Tuesday, April 9, 2013

I came, I saw

So today, yes today! I finally know, what I should do, where I should be, and what I want to be. After I always and always hard to make a decision about that. Once again, the universe never give you (me) a wrong signal. As I came today for interview for programming position on mnc, which later they direct me to creative or writer (that's the hardest instant decision for today). Then I choose writer. I love being in creative (as probably you know what I am) and so writer (no doubt :P), but sadly and frankly you know what is my background (in education), the two very different things. They asked to me about after effect, and I said I don't really sure can use that as a professional. Then I choose writer instead of creative. And surprise! when they gave me the paper I literary don't know to wrote, panic attack and brain freeze! I love writing, but that was different thing. In fact I'm not preparing myself as a script writer, and I think because of today i know the job description of script writer.
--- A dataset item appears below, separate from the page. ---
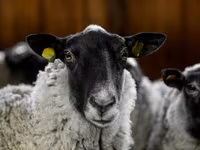 Qoç, Romanov sheep — foto 4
Poor me!  
Then I have dinner with my friend today after interview because he work on the same company, then I told to him about what happen on me today. The very unexpected thing in a good way. He works on production department and he said to me about the "there's no me time", then he said that's a good choice for me. I don't wanna people judge me from what education I took before, and today for the first time I really feel they don't judge me from that. As I wrote about this a long time ago...my friend said to me:

"talenta kan ga semua orang punya. dan gue mau bertanggung jawab sama yang udah di kasih Allah"
So, about today... I came, I saw. And I waiting for the victory. Today is an unexpected gift for me, like when you got your favourite docmart, or whatever fabulous. About today, whatever the result, I should be thankful. To make my mind clear. I came, I saw, and always try to reach the victory.